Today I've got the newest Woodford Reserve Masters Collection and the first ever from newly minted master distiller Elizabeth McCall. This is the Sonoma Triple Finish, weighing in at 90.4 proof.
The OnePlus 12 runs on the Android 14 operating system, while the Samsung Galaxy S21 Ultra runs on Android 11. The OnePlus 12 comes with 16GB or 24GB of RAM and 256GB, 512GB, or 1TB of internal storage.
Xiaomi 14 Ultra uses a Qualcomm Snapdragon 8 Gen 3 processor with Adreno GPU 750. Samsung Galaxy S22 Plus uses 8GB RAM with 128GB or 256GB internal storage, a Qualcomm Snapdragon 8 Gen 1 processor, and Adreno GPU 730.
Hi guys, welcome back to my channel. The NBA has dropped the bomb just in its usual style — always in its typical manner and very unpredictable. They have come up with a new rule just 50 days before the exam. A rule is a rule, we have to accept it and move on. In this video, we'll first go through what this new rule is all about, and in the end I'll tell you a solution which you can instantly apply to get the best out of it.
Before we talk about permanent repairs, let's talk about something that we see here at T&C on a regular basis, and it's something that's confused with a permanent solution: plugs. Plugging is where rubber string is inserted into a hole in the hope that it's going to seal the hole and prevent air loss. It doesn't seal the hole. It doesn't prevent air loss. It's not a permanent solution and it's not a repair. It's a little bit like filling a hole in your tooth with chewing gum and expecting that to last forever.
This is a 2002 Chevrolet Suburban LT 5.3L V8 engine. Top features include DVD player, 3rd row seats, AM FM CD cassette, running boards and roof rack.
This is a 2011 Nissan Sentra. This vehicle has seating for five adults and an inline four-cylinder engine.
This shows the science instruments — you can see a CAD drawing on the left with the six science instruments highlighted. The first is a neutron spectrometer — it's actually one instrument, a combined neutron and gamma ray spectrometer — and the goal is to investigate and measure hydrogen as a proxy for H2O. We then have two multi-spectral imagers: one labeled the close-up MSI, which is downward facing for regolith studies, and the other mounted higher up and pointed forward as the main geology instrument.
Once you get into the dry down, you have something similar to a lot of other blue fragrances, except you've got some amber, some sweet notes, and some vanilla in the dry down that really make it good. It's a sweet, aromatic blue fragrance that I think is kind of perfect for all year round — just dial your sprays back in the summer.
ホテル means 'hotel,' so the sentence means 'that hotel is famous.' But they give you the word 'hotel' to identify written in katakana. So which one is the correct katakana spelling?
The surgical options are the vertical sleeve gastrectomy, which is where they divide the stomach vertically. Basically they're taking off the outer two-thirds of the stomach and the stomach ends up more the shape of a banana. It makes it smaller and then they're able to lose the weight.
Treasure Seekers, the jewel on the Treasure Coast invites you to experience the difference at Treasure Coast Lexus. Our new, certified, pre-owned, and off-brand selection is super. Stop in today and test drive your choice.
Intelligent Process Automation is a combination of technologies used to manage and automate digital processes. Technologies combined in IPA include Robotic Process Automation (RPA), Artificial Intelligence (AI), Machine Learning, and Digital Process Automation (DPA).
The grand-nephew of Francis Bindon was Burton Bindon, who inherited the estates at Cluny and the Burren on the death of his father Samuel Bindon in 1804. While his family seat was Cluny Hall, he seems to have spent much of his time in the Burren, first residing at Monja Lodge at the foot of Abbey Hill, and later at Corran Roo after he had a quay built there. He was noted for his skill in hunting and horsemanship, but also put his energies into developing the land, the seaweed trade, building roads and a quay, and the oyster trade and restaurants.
-=-=-
- Exercise: If a line in the data contains the string "storage", copy it.

- Expected output:
The OnePlus 12 runs on the Android 14 operating system, while the Samsung Galaxy S21 Ultra runs on Android 11. The OnePlus 12 comes with 16GB or 24GB of RAM and 256GB, 512GB, or 1TB of internal storage.
Xiaomi 14 Ultra uses a Qualcomm Snapdragon 8 Gen 3 processor with Adreno GPU 750. Samsung Galaxy S22 Plus uses 8GB RAM with 128GB or 256GB internal storage, a Qualcomm Snapdragon 8 Gen 1 processor, and Adreno GPU 730.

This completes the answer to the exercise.